> _Collected data_:
..............................

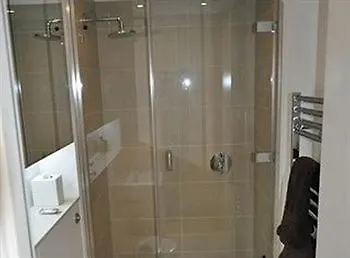 Szálloda Quartermile Serviced 4*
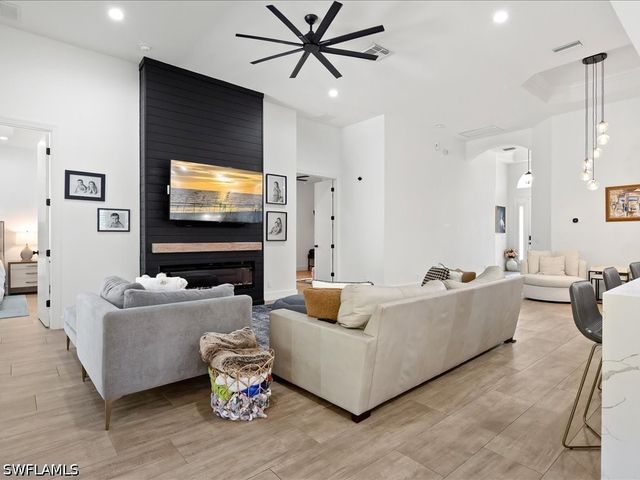 16196 Parque LN, Naples, FL 34110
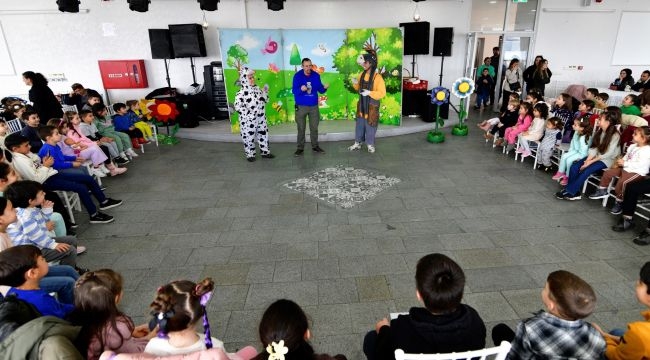 Bornova'da yarıyıl tatili tiyatroyla şenlendi 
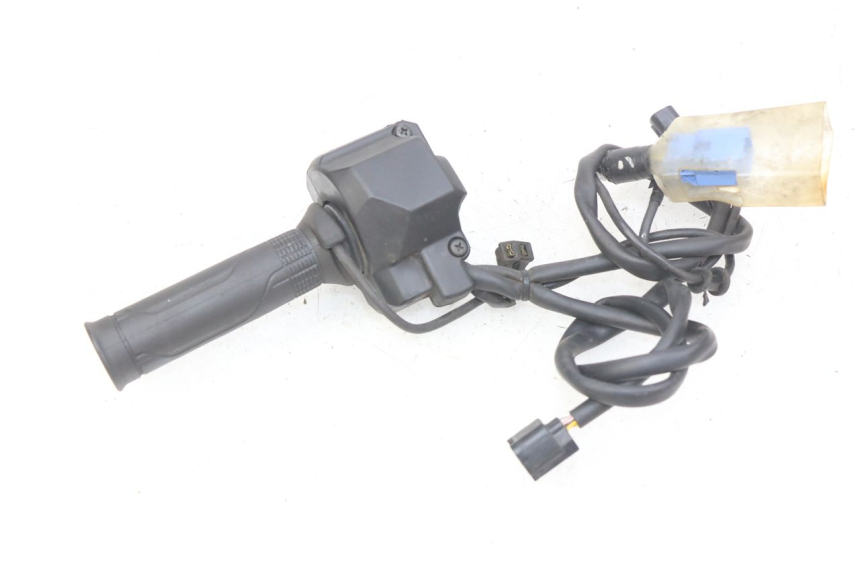 photo de INTERRUPTOR DERECHO HONDA CB R 1000 (2018 - 2023) - Detalles de los puntos de fijación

..............................

> _Task description_: If pictures appear in the data, do not print them; repeat the rest exactly.

> _Answer area_:
 Szálloda Quartermile Serviced 4*
 16196 Parque LN, Naples, FL 34110
 Bornova'da yarıyıl tatili tiyatroyla şenlendi 
 photo de INTERRUPTOR DERECHO HONDA CB R 1000 (2018 - 2023) - Detalles de los puntos de fijación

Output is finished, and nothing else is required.